Hi,
I decided that it would be worthwhile to learn some Emacs Lisp, mainly in order to understand the internals of SLIME better -- maybe I could get to the point that I could extend and customize it myself. This is why I am posting here instead of an emacs group.
I am looking for help on how to get started, especially with the following:
1. Is there a SLIME-like IDE for Emacs Lisp? If not, what's the closest? I know that Emacs itself provides some functionality, but it does not look nearly as comfy as SLIME for CL. Eg I couldn't figure out the equivalent of M-. and similar.
2. Is there a document describing the architecture of SLIME?
3. How should I start? What's the best way to start poking around in SLIME?
Tamas
Tamas K Papp tkpapp@gmail.com writes:
Hi,
I decided that it would be worthwhile to learn some Emacs Lisp, mainly in order to understand the internals of SLIME better -- maybe I could get to the point that I could extend and customize it myself. This is why I am posting here instead of an emacs group.
I am looking for help on how to get started, especially with the following:
- Is there a SLIME-like IDE for Emacs Lisp? If not, what's the
closest? I know that Emacs itself provides some functionality, but it does not look nearly as comfy as SLIME for CL. Eg I couldn't figure out the equivalent of M-. and similar.
There's M-x ielm. For M-. I use http://paste.lisp.org/display/113374
- Is there a document describing the architecture of SLIME?
Not that i know. "A pile of hacks" sounds about right.
- How should I start?
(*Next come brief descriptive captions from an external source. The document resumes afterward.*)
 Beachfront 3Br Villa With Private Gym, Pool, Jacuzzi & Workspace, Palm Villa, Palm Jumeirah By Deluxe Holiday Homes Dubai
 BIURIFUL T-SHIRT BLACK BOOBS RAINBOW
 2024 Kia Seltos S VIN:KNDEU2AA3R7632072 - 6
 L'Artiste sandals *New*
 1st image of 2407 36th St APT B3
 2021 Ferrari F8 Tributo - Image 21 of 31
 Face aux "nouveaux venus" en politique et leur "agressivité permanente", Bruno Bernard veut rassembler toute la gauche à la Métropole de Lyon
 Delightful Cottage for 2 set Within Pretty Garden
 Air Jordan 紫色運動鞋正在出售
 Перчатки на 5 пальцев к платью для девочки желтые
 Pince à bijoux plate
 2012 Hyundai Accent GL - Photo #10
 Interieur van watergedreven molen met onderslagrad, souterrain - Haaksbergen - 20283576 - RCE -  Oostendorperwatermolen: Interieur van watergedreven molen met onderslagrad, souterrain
What's the best way to start poking around in
SLIME?
By finding something you want to modify.
Tamas K Papp tkpapp@gmail.com writes:
Hi,
I decided that it would be worthwhile to learn some Emacs Lisp, mainly in order to understand the internals of SLIME better -- maybe I could get to the point that I could extend and customize it myself. This is why I am posting here instead of an emacs group.
I am looking for help on how to get started, especially with the following:
- Is there a SLIME-like IDE for Emacs Lisp?
Yes. It's called emacs.
If not, what's the closest?
There's also a classic REPL, M-x ielm RET
I know that Emacs itself provides some functionality, but it does not look nearly as comfy as SLIME for CL. Eg I couldn't figure out the equivalent of M-. and similar.
It's M-. if you have generated the tags with etags(1)
You can also use: C-h f C-x o TAB RET
Is there a document describing the architecture of SLIME?
How should I start? What's the best way to start poking around in
SLIME?
Good questions.
Perhaps a good start would be to write a swank backend for emacs? If Christophe Rhode could write one for R, you could write one for emacs!
* (Pascal J. Bourguignon) 87zkuxj2gk.fsf@kuiper.lan.informatimago.com : Wrote on Fri, 01 Oct 2010 18:35:23 +0200:
|> I know that Emacs itself provides some functionality, but it does not |> look nearly as comfy as SLIME for CL. Eg I couldn't figure out the |> equivalent of M-. and similar. | | It's M-. if you have generated the tags with etags(1) | | You can also use: C-h f C-x o TAB RET
Or just
(define-key emacs-lisp-mode-map "\M-." 'find-function)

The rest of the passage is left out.